* [Task to carry out] What the answer must contain is every line of the records, exactly, with no pictures.

* [Recorded data]
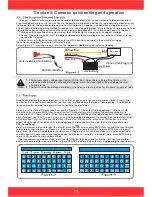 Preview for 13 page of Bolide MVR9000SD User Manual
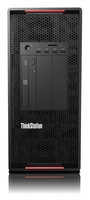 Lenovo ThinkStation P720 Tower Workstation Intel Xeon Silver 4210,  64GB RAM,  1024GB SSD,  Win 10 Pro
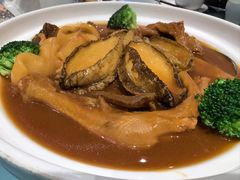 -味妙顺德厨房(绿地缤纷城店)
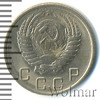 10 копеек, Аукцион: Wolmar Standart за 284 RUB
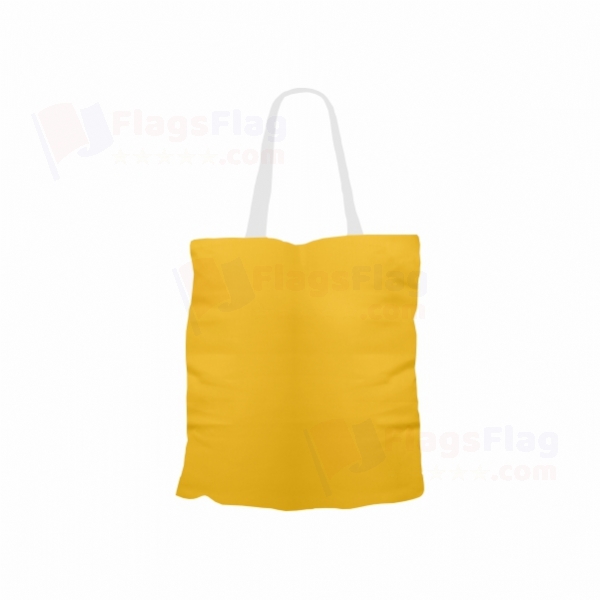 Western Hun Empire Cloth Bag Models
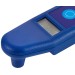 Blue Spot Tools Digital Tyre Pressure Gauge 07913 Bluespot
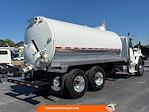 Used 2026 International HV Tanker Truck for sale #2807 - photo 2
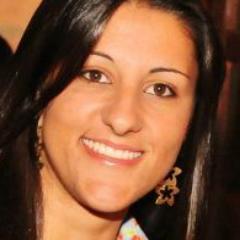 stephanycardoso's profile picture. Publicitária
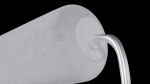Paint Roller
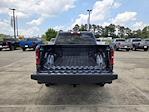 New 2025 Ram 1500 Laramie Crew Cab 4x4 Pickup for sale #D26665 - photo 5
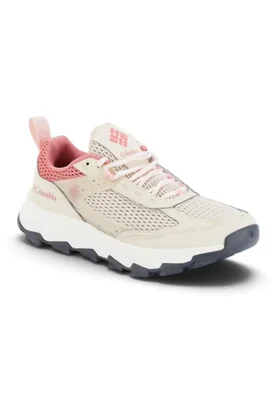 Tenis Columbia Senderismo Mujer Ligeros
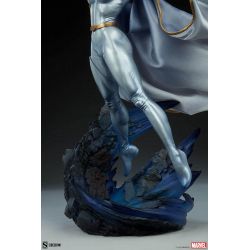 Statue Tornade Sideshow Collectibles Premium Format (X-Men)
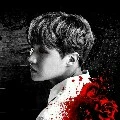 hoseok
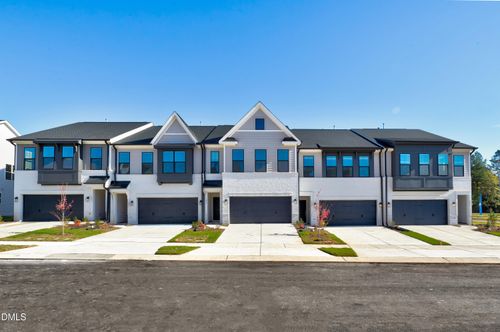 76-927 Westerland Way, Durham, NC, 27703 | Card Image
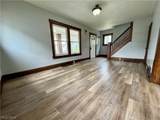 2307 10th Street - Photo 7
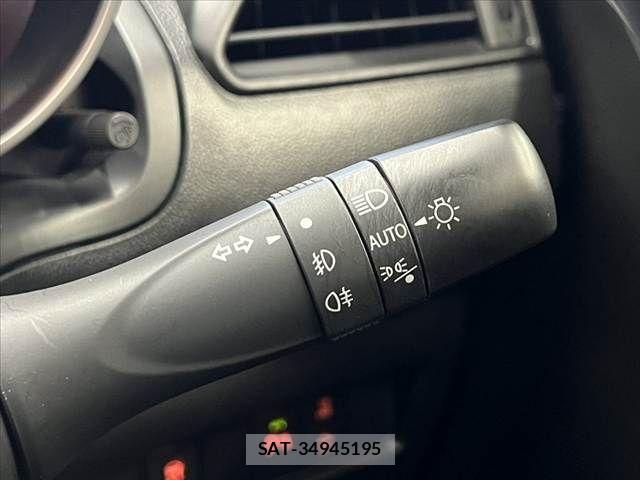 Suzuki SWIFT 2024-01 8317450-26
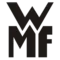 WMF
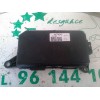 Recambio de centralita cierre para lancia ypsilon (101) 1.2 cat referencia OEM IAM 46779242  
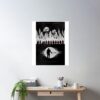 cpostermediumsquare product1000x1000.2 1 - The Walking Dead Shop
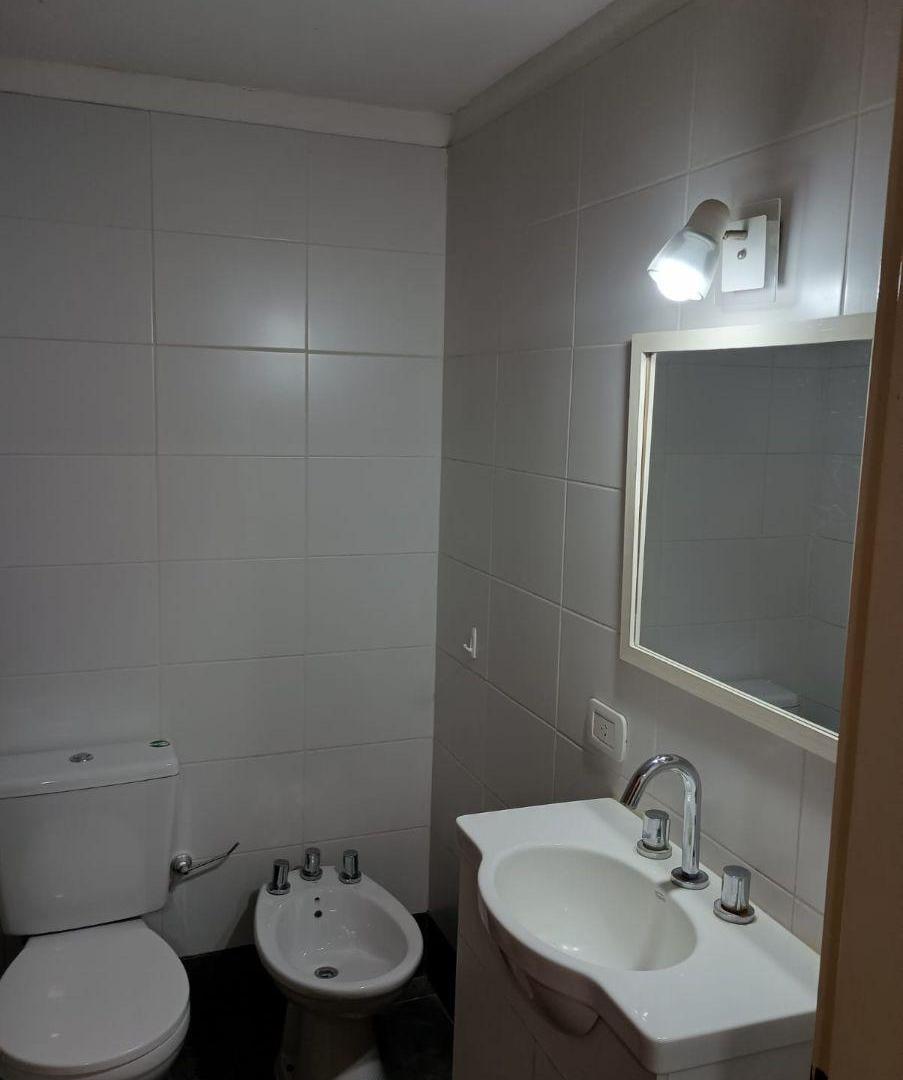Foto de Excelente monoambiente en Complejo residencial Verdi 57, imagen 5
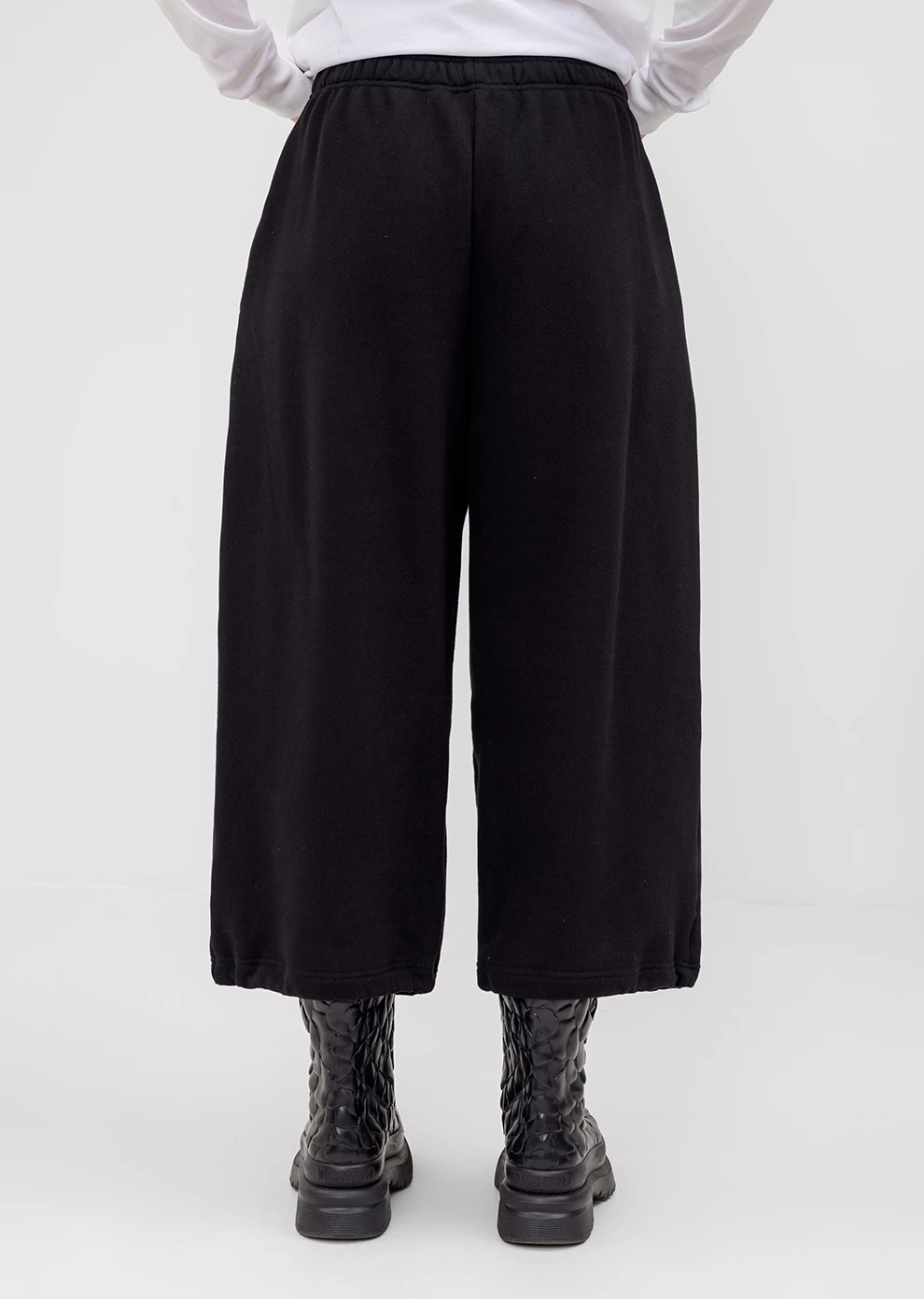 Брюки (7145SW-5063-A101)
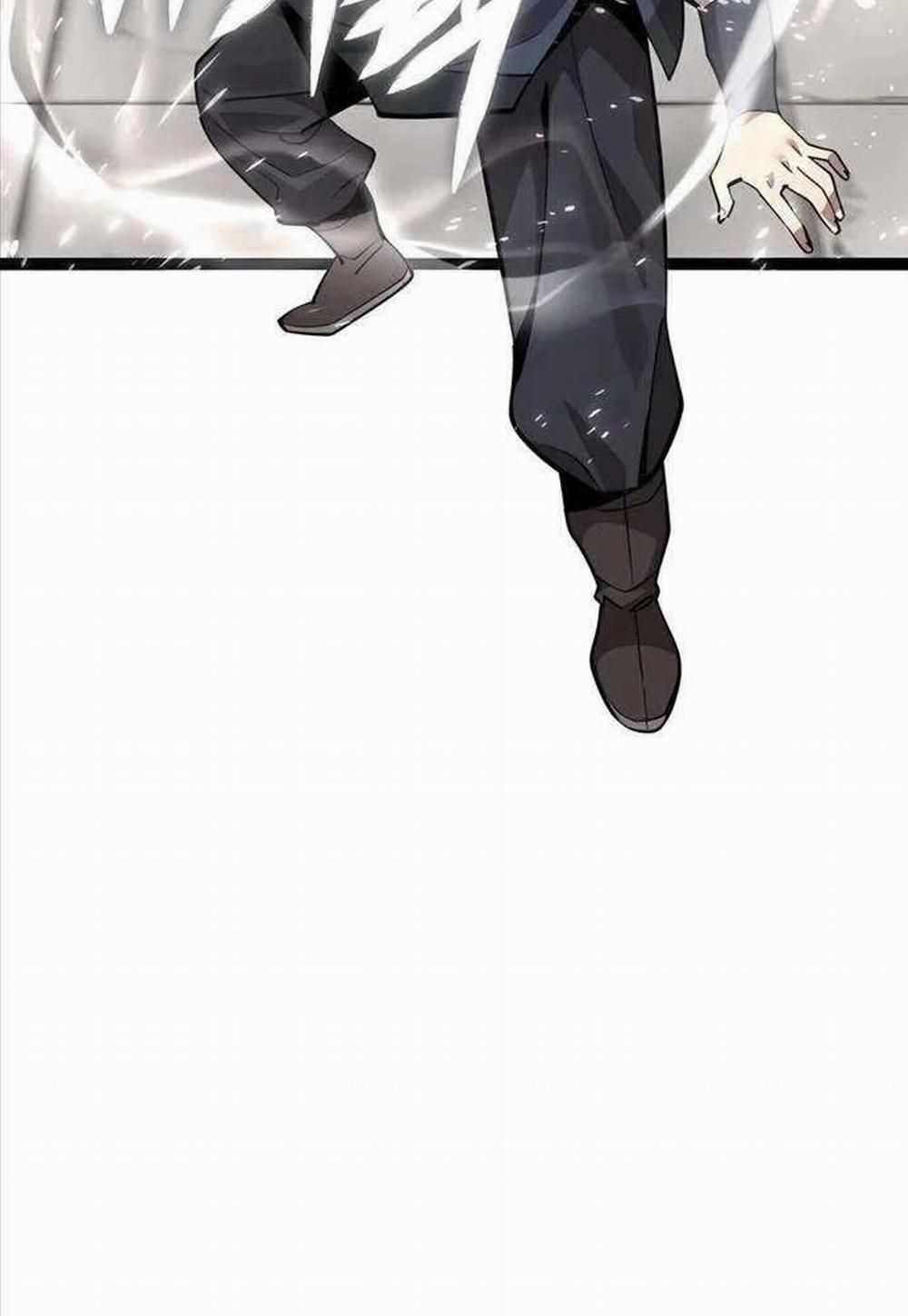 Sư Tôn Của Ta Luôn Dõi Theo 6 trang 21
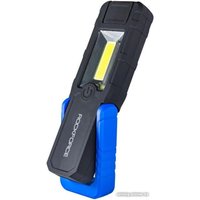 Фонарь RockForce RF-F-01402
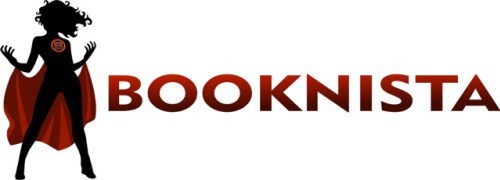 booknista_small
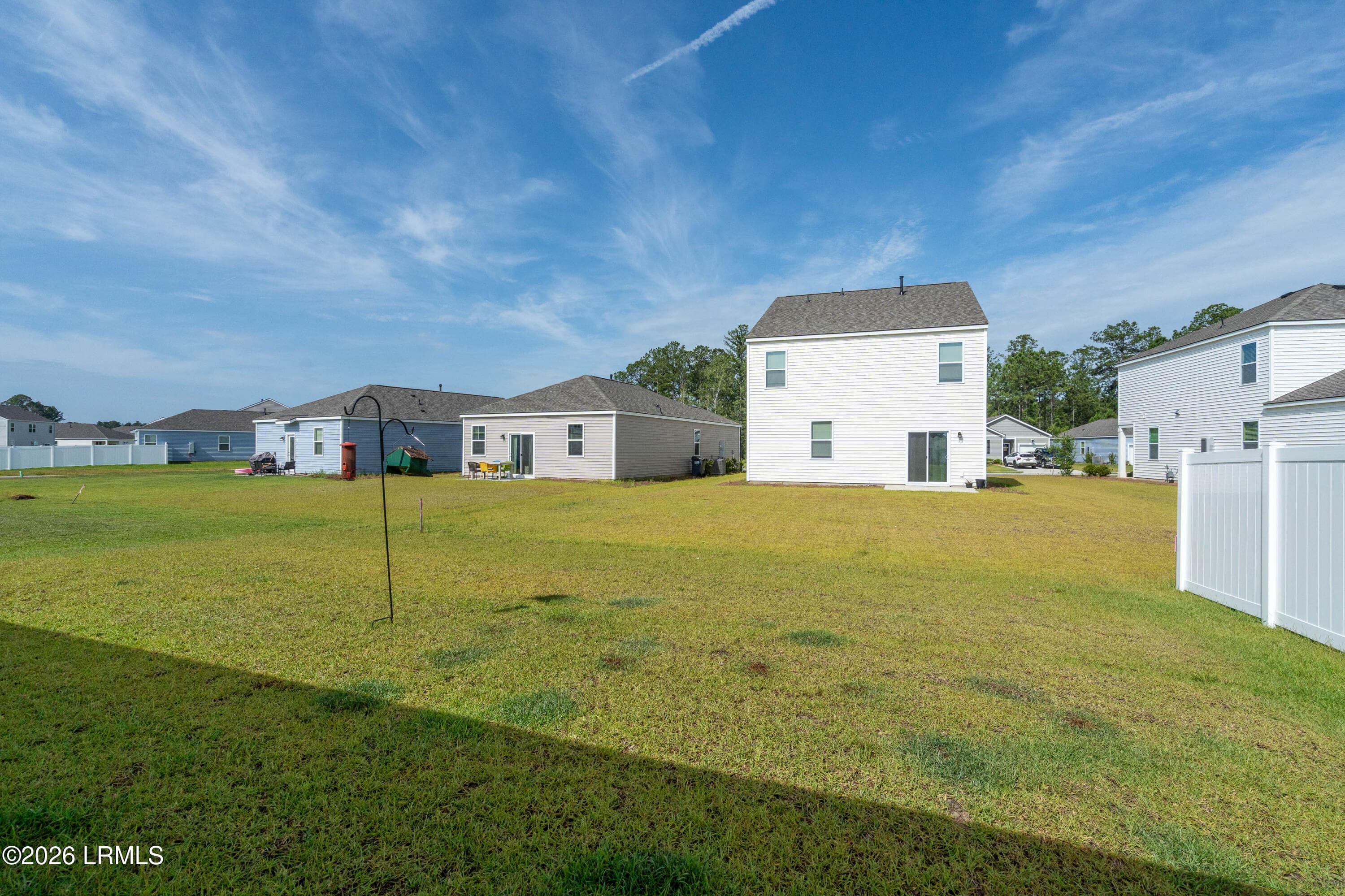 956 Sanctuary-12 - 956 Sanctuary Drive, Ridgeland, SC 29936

* [Your response]
 Preview for 13 page of Bolide MVR9000SD User Manual
 Lenovo ThinkStation P720 Tower Workstation Intel Xeon Silver 4210,  64GB RAM,  1024GB SSD,  Win 10 Pro
 -味妙顺德厨房(绿地缤纷城店)
 10 копеек, Аукцион: Wolmar Standart за 284 RUB
 Western Hun Empire Cloth Bag Models
 Blue Spot Tools Digital Tyre Pressure Gauge 07913 Bluespot
 Used 2026 International HV Tanker Truck for sale #2807 - photo 2
 stephanycardoso's profile picture. Publicitária
Paint Roller
 New 2025 Ram 1500 Laramie Crew Cab 4x4 Pickup for sale #D26665 - photo 5
 Tenis Columbia Senderismo Mujer Ligeros
 Statue Tornade Sideshow Collectibles Premium Format (X-Men)
 hoseok
 76-927 Westerland Way, Durham, NC, 27703 | Card Image
 2307 10th Street - Photo 7
 Suzuki SWIFT 2024-01 8317450-26
 WMF
 Recambio de centralita cierre para lancia ypsilon (101) 1.2 cat referencia OEM IAM 46779242  
 cpostermediumsquare product1000x1000.2 1 - The Walking Dead Shop
Foto de Excelente monoambiente en Complejo residencial Verdi 57, imagen 5
 Брюки (7145SW-5063-A101)
 Sư Tôn Của Ta Luôn Dõi Theo 6 trang 21
 Фонарь RockForce RF-F-01402
 booknista_small
 956 Sanctuary-12 - 956 Sanctuary Drive, Ridgeland, SC 29936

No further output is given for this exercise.